This time, the culprit is Jorgo Chatzimarkakis, who has been in the news recently quite a bit because he is half Greek, half German and has therefore repeatedly been asked to explain what's going on in Greece to German TV audiences. I found him to be quite an affable fellow, especially because he openly says he holds both passports; Germany officially does not allow double citizenship, but in practice foreigners are not allowed to keep their passports when they become German – there are practically no checks of whether someone with a German passport has or gets another.
Anyway, this guy really takes the cake with his dissertation. In the chart you see, the blue stuff at the beginning and end is the intro and bibliography, which are not checked for plagiarism. In the rest, the white stuff is where no plagiarism was found.
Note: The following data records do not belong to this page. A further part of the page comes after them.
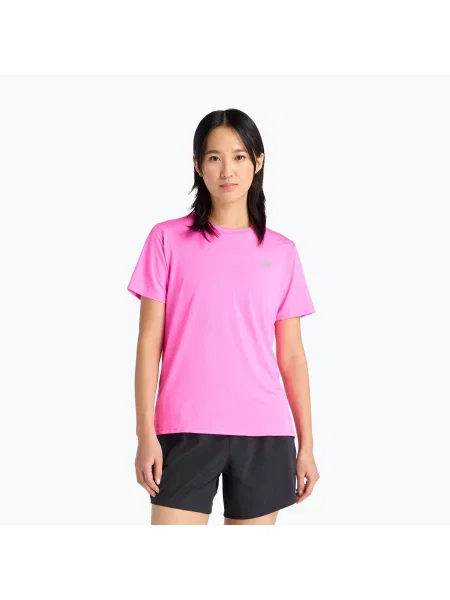 Tricou de alergare pentru femei New Balance Essentials pink heat roz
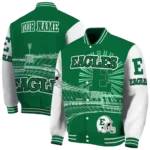 customized eastern michigan eagles ferris arena green white varsity jacket best selling.webp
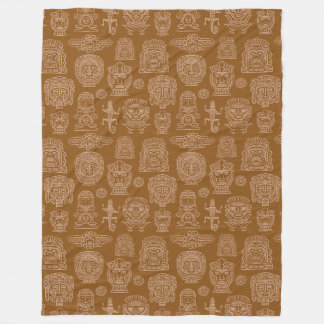 Cobertor De Velo Padrão inspirado no Aztec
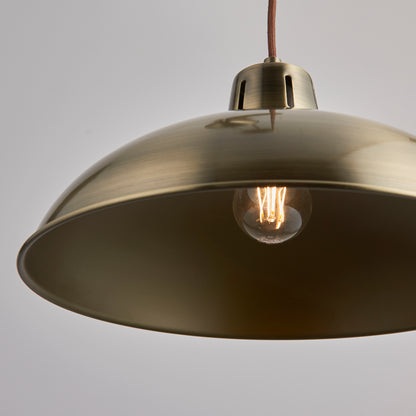 Polka Rise & Fall Pendant Antique Brass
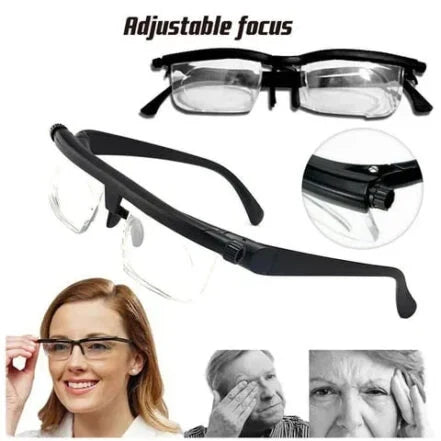 Adjustable Glasses | Rotatable Focus & Impact-Resistant Lenses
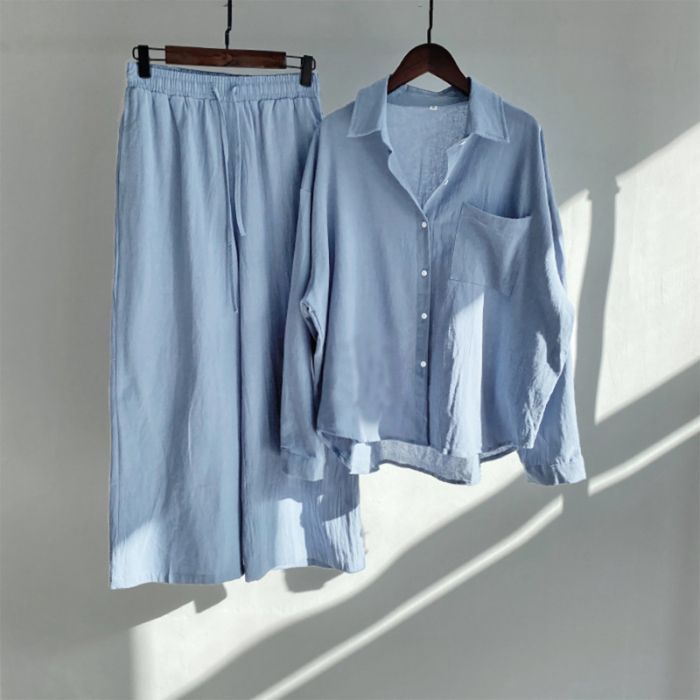 Conjunto Retro de Duas Peças para Descansar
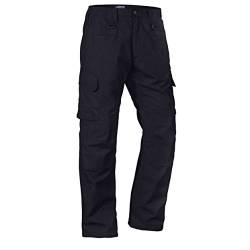 LA Police Gear wasserdichte taktische Herren-Hose mit elastischem Bund - Blau - 36W / 34L von LA Police Gear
As of this morning, plagiarism had been found on 72 percent of this guy's dissertation, and all of the red stuff is pages that were more than 75 percent plagiarized. He is expected to lose his doctorate officially in two weeks.
This from the party whose slogan is "Leistung muss sich lohnen" (performance should be rewarded).
On a similar note, his fellow FDP politician Koch-Mehrin, who also lost her doctorate, refuses to step down as a member of European Parliament, though she was forced to step down from the committee on research after a slew of German researchers said they refused to be represented by someone who had so obviously committed plagiarism. Otherwise, Koch-Mehrin is sticking to her position that her university did not catch her plagiarism when she submitted her dissertation and therefore has no right to take away her doctorate.
You have to admire her for her chutzpah.